Trump to invoke emergency to sell arms to Saudis, citing Iran threat

Democrat senators rebuke administration for turning to rarely used provision, which allows for weapons sales without congressional review

In this undated photo released by Saudi Press Agency, SPA, Saudi military personnel conduct military exercises dubbed Gulf Shield One in Saudi Arabia. (Saudi Press Agency via AP)
In this undated photo released by Saudi Press Agency, SPA, Saudi military personnel conduct military exercises dubbed Gulf Shield One in Saudi Arabia. (Saudi Press Agency via AP)

WASHINGTON (AP) — The Trump administration notified Congress on Friday that it is invoking a rarely used provision in federal law to bypass congressional review of arms sales to Saudi Arabia, two Democratic senators said.

The administration is issuing an emergency declaration that will allow it to sell arms to Saudi Arabia, the United Arab Emirates and others despite congressional objections, according to Senator Bob Menendez of New Jersey, the top Democrat on the Senate Foreign Relations Committee, and Democratic Senator Chris Murphy of Connecticut. Menendez said the administration did not cite a specific legal or practical reason for using the provision in the Arms Export Control Act other than threats from Iran.

“I am disappointed, but not surprised, that the Trump administration has failed once again to prioritize our long-term national security interests or stand up for human rights, and instead is granting favors to authoritarian countries like Saudi Arabia,” Menendez said in a statement.
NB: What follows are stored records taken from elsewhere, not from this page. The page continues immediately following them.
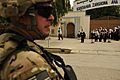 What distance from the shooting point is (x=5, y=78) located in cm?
169

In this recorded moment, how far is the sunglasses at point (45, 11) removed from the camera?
1882 mm

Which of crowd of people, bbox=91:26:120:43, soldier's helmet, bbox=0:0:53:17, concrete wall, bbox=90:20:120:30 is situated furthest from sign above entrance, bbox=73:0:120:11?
soldier's helmet, bbox=0:0:53:17

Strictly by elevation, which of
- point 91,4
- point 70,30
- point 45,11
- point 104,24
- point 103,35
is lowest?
point 70,30

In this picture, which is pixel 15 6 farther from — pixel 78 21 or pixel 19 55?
pixel 78 21

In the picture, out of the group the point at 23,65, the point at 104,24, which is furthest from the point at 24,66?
the point at 104,24

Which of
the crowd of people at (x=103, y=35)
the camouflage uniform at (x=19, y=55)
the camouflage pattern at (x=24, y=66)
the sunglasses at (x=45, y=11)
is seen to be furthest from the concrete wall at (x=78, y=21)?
the camouflage pattern at (x=24, y=66)

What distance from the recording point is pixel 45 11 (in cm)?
192

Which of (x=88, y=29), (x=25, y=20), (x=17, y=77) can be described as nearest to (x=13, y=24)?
(x=25, y=20)

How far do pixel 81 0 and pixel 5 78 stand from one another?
141 feet

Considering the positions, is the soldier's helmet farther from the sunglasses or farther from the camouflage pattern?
the camouflage pattern

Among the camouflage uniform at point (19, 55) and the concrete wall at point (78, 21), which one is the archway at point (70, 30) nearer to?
the concrete wall at point (78, 21)

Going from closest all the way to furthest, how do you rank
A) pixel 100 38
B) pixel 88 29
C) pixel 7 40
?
1. pixel 7 40
2. pixel 100 38
3. pixel 88 29

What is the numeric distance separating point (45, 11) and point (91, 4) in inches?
1622

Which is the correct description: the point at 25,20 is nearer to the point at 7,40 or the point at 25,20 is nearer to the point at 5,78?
the point at 7,40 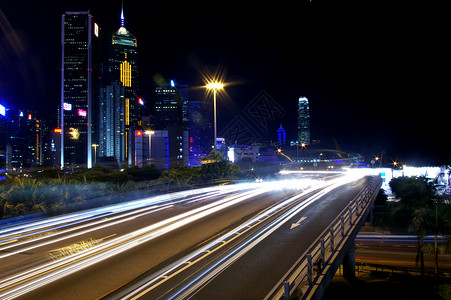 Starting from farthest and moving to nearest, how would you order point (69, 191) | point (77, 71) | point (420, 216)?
point (77, 71), point (420, 216), point (69, 191)

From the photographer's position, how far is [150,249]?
9711 millimetres

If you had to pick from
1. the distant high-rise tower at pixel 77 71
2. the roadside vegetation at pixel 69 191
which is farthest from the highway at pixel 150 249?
the distant high-rise tower at pixel 77 71

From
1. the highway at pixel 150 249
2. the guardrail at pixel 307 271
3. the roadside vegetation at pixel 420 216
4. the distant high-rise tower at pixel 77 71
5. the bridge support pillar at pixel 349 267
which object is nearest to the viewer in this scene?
the guardrail at pixel 307 271

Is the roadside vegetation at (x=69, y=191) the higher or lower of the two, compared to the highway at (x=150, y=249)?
higher

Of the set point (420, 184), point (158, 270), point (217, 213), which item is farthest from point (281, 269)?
point (420, 184)

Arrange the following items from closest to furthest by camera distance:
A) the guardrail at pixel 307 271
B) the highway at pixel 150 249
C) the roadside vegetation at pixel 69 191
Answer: the guardrail at pixel 307 271, the highway at pixel 150 249, the roadside vegetation at pixel 69 191

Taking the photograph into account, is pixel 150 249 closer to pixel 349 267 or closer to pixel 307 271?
pixel 307 271

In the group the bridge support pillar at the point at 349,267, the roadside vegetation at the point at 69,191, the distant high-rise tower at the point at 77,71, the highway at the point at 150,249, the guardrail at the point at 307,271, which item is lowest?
the bridge support pillar at the point at 349,267

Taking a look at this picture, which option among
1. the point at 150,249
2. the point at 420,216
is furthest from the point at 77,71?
the point at 150,249

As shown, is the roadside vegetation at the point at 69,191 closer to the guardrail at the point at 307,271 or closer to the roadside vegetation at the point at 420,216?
the guardrail at the point at 307,271

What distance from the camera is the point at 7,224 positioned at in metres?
13.3

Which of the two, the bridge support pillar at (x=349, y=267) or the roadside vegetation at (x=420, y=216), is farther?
the roadside vegetation at (x=420, y=216)

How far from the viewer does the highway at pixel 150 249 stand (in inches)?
273

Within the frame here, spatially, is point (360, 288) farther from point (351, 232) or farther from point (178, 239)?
point (178, 239) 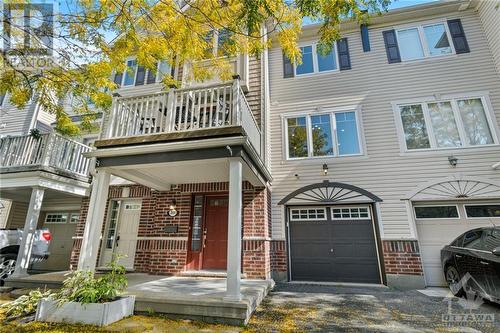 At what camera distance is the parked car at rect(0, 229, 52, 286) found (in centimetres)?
677

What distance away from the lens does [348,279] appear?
271 inches

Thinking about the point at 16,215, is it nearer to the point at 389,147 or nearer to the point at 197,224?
the point at 197,224

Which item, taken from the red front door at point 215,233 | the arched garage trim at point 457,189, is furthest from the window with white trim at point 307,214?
the arched garage trim at point 457,189

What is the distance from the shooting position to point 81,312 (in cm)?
381

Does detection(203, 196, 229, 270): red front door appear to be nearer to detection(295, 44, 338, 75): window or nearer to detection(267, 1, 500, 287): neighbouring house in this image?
detection(267, 1, 500, 287): neighbouring house

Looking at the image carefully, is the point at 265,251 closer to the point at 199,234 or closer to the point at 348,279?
the point at 199,234

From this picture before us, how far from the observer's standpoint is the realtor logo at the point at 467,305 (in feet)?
12.9

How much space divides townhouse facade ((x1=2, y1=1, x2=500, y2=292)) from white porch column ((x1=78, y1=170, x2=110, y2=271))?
0.20 feet

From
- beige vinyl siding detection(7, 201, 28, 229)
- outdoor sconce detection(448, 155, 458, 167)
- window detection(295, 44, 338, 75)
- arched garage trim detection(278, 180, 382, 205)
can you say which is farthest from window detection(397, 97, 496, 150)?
beige vinyl siding detection(7, 201, 28, 229)

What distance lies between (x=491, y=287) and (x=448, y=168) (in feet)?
11.9

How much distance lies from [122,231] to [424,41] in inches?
456

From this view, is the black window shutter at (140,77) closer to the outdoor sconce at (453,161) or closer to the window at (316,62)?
the window at (316,62)

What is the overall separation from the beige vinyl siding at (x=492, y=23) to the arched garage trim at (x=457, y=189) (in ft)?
11.4

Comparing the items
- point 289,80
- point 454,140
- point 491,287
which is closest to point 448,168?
point 454,140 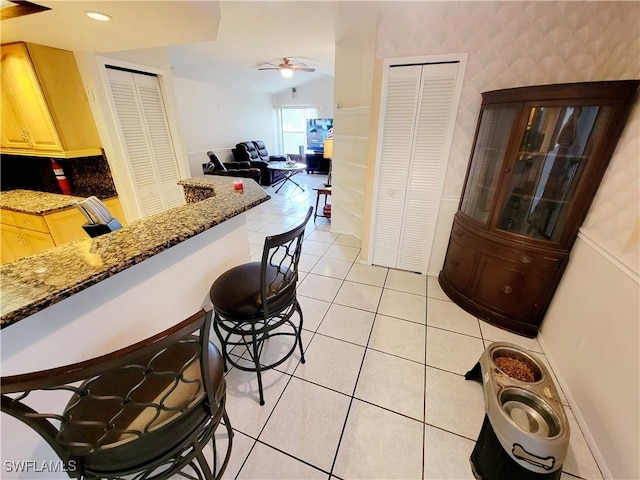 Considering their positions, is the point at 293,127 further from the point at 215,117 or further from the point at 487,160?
the point at 487,160

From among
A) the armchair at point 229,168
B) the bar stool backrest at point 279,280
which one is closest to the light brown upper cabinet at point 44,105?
the bar stool backrest at point 279,280

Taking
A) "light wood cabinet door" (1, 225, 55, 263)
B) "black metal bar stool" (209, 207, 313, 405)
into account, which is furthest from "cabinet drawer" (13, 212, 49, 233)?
"black metal bar stool" (209, 207, 313, 405)

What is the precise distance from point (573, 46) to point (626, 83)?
2.17 ft

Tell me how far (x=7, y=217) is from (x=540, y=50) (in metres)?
4.59

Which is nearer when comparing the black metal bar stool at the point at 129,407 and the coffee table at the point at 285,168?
the black metal bar stool at the point at 129,407

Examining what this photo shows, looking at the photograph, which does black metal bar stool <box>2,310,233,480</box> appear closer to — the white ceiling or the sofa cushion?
the white ceiling

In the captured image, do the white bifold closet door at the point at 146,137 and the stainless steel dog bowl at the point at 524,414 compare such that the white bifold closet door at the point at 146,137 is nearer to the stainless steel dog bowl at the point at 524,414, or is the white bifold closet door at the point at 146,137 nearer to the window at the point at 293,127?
the stainless steel dog bowl at the point at 524,414

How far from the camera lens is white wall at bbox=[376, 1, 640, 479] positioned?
1.25 meters

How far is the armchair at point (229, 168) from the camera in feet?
19.1

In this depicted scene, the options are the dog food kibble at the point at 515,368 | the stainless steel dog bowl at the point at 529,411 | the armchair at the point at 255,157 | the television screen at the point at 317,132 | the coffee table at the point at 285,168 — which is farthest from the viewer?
the television screen at the point at 317,132

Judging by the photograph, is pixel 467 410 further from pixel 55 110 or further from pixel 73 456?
pixel 55 110

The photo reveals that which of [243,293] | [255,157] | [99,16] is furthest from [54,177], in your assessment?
[255,157]

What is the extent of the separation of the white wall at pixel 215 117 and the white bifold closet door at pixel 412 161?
4.54 m

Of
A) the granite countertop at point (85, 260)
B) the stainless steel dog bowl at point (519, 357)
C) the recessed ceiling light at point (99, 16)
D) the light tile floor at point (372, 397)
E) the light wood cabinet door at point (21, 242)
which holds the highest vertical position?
the recessed ceiling light at point (99, 16) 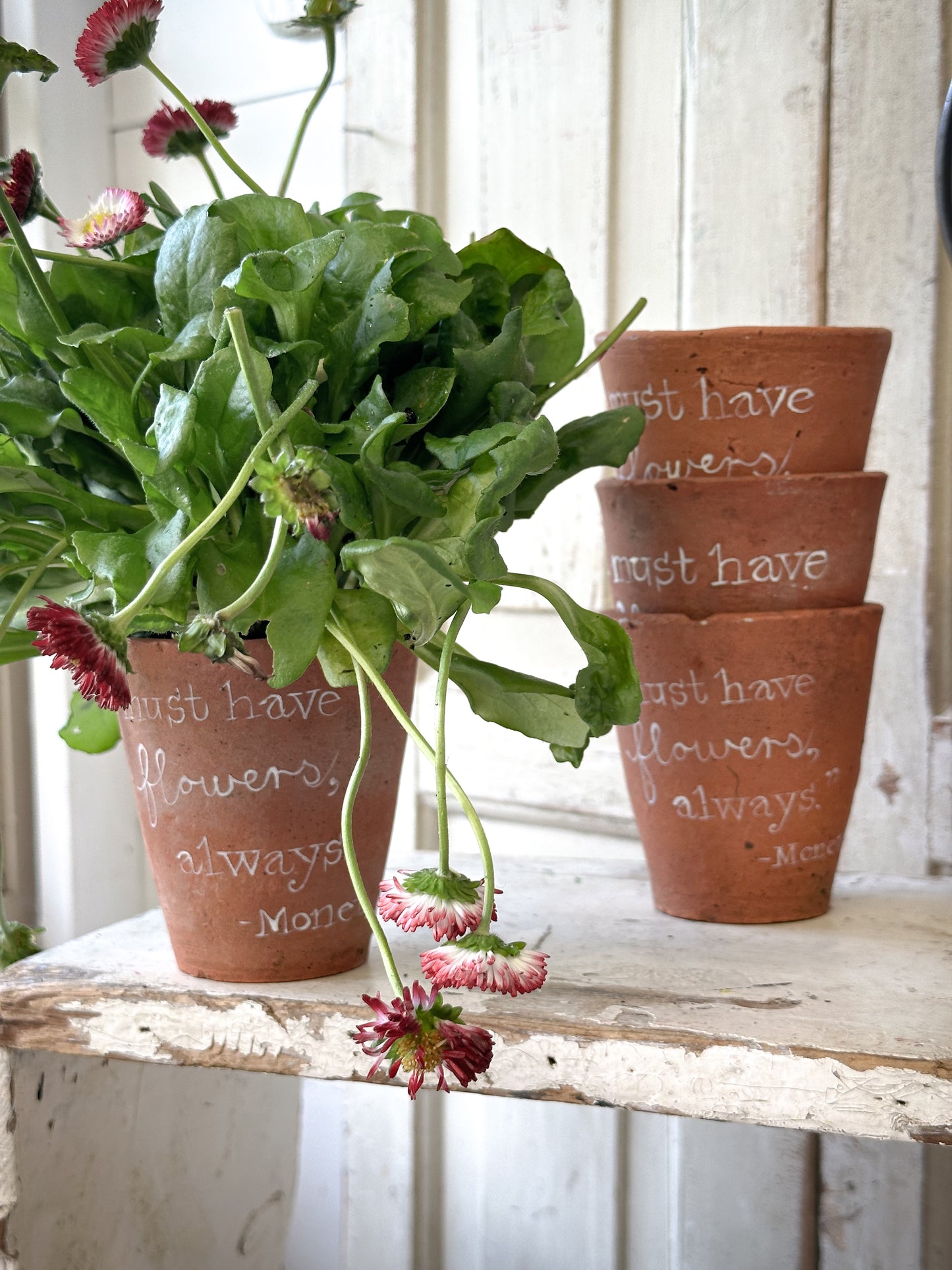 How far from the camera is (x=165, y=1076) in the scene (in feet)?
2.40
“President Trump is only using this loophole because he knows Congress would disapprove of this sale,” Murphy said in a statement. “There is no new ’emergency’ reason to sell bombs to the Saudis.”

US Senator Bob Menendez (D-NJ) speaks during a Senate Foreign Relations Committee hearing with US Secretary of State Mike Pompeo on Capitol Hill in Washington, DC on July 25, 2018. (Andrew Caballero-Reynolds)

US officials had said Secretary of State Mike Pompeo could decide to invoke the provision as early as Friday. The State Department had no immediate comment.

Congressional opposition to US military support for Saudi Arabia has been growing, and lawmakers have blocked about $2 billion in arms sales to the kingdom for more than a year amid concerns over civilian casualties in the Saudi-led military operation in Yemen and outrage over the killing of journalist Jamal Khashoggi in October by Saudi agents.

US President Donald Trump last month vetoed legislation that would have ended US military assistance for the Saudi-led war in Yemen against Iran-backed rebels but administration officials have complained that sales remain blocked. The law requires Congress to be notified of potential arms sales, giving the body the opportunity to block the sale. But the law also allows the president to waive that review process by declaring an emergency that requires the sale be made “in the national security interests of the United States.”

A Saudi soldier sits atop an armored vehicle on the border with Yemen, at a military post in Najran, Saudi Arabia, Tuesday, April 21, 2015. (AP Photo/Hasan Jamali)

Menendez and Murphy said they would challenge the decision but it was not immediately clear how they might do that.

“With this move, the president is destroying the productive and decades-long working relationship on arms sales between the Congress and the executive branch,” Menendez said. “The possible consequences of this decision will ultimately threaten the ability of the US defense industry to export arms in a manner that is both expeditious and responsible.”

There is precedent for using the emergency exemption for arms sales to Saudi Arabia. President Ronald Reagan invoked it in the 1980s and both presidents George H.W. Bush and George W. Bush used it for sales before the 1991 Gulf War and the 2003 Iraq war.